You specify nowhere what T is, so how is it supposed to know? (In that setup, you want those all UInt128, right?) At least one default must determine T, otherwise there’s no way to know what it means.

But let’s say you do fix the example:

immutable GaussianVariogram{T<:Real}
  sill::T -> 1.0
  range::T -> one(T)
  nugget::T -> zero(T)
end

Anything that uses keyword arguments won’t dispatch, so if keyword arguments are used for the defaults it will not be type stable if you want to have a type parameter. Keyword argument dispatch will be a thing “soon”, so Parameters.jl will be able to handle that in the future, but for now you just have to live with it. That PR is really far along (it’s the one with NamedTuples) and it keeps getting mentioned, so I really think it will be 1.0 material. So I would just design with that in mind.

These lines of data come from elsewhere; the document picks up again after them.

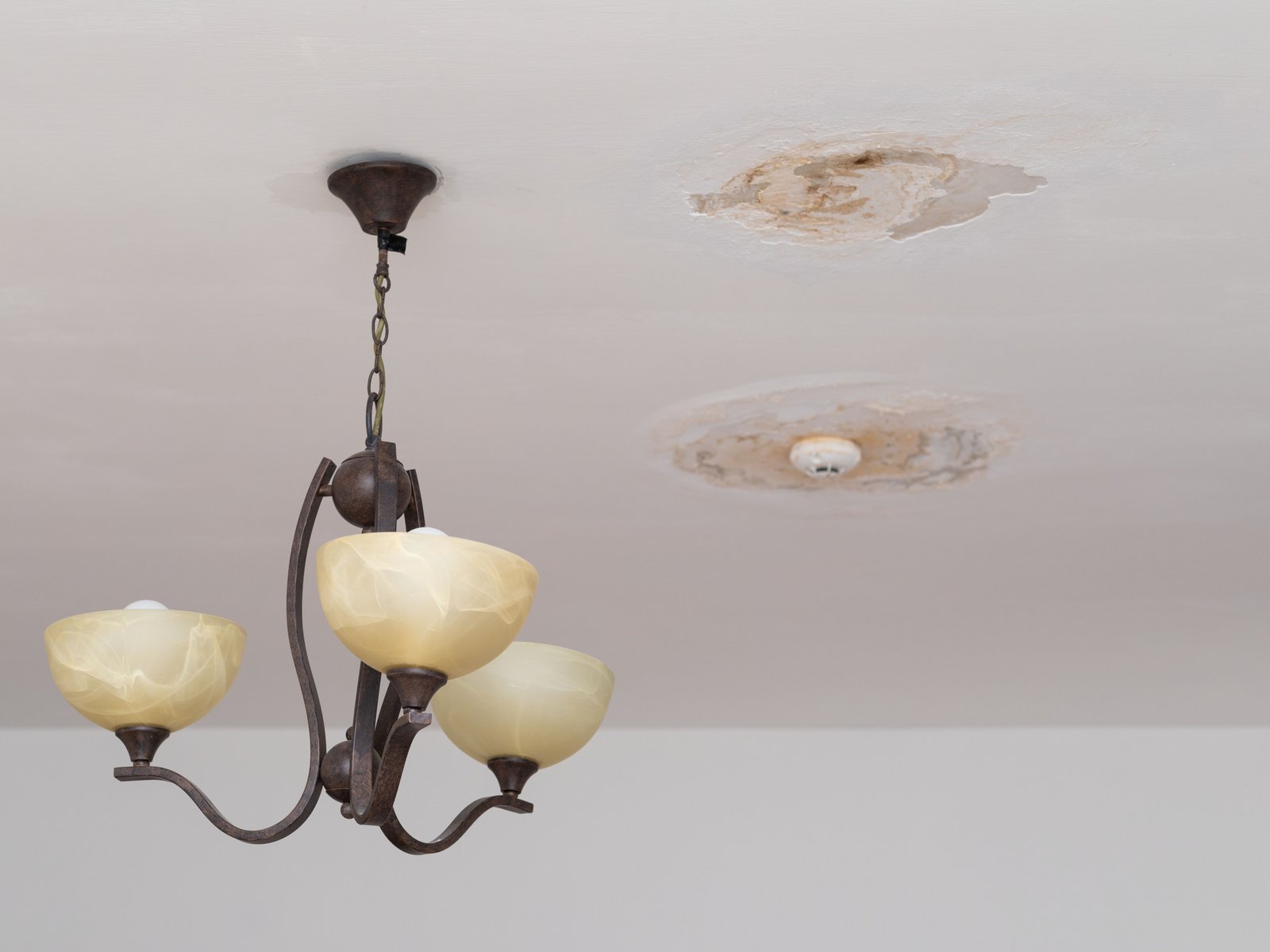 Professionelle Schimmelsanierung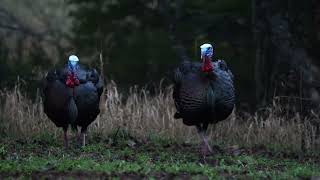 Turkey Opening Day Double  David Doubles On Eastern Turkeys [upl. by Roswald]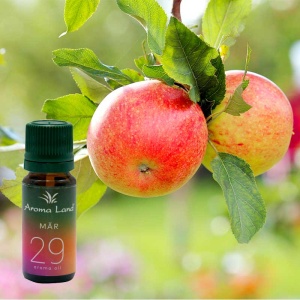 Ulei parfumat Aroma Oil Mar 10 ml - Img 2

Default arguments are not a good option though because then the order matters. But if you want the default argument approach, then that’s easy to do by hand:

GaussianVariogram(sill=1.0,range=one(typeof(sill)),nugget=one(typeof(sill)) = GaussianVariogram(sill,range,nugget)

which is fine and type-inferable.

2 Likes

Awesome @ChrisRackauckas, I am definitely sticking with Parameters.jl, and hoping it will be part of the language with additional syntax.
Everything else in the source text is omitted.